Chefs Who Cook Well and Do Good: David Bouley

by Deirdre Appel
Bouley

Name: David Bouley

Hometown: Storrs, Connecticut 

Culinary Training: Chef Bouley began his culinary career working in restaurants in Cape Cod and Sante Fe before going overseas. After studying at the Sorbonne in Paris, he worked with chefs including Roger Vergé, Paul Bocuse, Joël Robuchon, Gaston Lenôtre, and Frédy Girardet in France and Switzerland before returning to America. According to his biography on StarChefs, Bouley was strongly influenced by life on his grandparents’ French heritage and life on their farm in Connecticut. ,He took from them a great appreciation  for the land and the environment as well as fresh and local products. For him the goal was always to prepare a healthy and delicious meal. 

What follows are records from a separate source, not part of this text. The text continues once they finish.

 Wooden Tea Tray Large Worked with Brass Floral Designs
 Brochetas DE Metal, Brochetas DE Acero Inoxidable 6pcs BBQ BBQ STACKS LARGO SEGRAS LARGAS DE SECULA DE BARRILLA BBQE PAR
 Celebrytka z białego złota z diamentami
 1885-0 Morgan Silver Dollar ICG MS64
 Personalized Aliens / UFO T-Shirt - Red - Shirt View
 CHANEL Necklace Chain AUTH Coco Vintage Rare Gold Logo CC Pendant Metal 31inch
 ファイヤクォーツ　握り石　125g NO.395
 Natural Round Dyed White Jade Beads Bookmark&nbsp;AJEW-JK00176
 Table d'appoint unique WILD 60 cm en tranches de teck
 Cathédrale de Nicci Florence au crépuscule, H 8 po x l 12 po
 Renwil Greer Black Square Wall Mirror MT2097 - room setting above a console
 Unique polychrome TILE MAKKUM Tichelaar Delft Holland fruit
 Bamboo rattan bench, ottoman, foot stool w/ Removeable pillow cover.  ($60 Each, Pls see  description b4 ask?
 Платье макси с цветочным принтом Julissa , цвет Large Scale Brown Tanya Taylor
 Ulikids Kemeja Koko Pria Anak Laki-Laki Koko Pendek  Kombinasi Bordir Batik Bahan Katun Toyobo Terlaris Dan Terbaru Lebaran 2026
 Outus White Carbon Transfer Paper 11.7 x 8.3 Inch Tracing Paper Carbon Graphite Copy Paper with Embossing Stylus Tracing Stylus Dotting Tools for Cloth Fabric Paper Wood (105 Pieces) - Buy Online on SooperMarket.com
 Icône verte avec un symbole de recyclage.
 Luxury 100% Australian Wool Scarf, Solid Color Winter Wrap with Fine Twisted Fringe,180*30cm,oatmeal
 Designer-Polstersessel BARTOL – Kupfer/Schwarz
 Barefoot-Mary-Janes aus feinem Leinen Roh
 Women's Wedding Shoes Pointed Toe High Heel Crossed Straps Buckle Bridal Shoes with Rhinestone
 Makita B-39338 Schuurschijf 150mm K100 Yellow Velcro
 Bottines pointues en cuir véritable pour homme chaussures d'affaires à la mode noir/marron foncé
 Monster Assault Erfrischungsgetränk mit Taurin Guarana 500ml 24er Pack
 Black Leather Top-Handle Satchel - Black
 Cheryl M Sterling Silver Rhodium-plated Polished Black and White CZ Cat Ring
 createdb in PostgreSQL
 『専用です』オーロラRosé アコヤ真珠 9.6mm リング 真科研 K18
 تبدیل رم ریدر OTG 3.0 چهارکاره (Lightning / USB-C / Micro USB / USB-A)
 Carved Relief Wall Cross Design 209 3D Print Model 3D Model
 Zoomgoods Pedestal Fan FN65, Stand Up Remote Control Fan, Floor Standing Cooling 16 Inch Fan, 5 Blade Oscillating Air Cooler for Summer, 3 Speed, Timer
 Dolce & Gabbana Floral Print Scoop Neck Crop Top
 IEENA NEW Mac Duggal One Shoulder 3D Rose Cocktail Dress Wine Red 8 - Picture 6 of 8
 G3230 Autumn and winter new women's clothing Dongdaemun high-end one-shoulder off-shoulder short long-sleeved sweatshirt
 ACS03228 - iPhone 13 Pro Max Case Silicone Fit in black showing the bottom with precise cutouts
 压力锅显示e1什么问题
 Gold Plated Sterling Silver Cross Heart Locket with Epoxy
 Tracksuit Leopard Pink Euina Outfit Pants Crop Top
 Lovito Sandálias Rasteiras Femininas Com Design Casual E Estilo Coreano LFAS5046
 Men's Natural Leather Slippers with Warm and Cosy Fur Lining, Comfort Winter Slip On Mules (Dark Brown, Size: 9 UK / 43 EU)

Back in the States Chef Bouley worked at such renowned New York City restaurants as Le Cirque, Le Périgord, and La Côte Basque before becoming head chef of Montrachet in 1985. Two years later, he opened Bouley, his own award-winning restaurant in TriBeCa, which received  Zagat’s number one ranking for food and popularity every year from 1991 until its close in 1996. Others soon followed, including Bouley Bakery, Danube, a second incarnation of Bouley Restaurant and Bouley at Home. 

Best Known For:  His fine-dining restaurants in New York City as well as his approach to food as medicine 

How He Is Changing the Food System: David Bouley has rightfully earned a reputation as one of the most health-conscious chefs in the world. His culinary philosophy is driven by his diners’ health concerns and how to obtain the greatest nutritional benefit from his ingredients. His uncle, Claude, a holistic doctor in France, had a profound effect on the young Bouley.. 

“When I lived in France in the ’70s and ’80s, Claude  would say, ‘Food is a cure.’” Bouley says

But, upon returning to America, he quickly learned that Americans did not always approach food that way. 

 “All [nutritionists] ever told me was what not to put in food,” Bouley said. “They never told me what I should cook.” 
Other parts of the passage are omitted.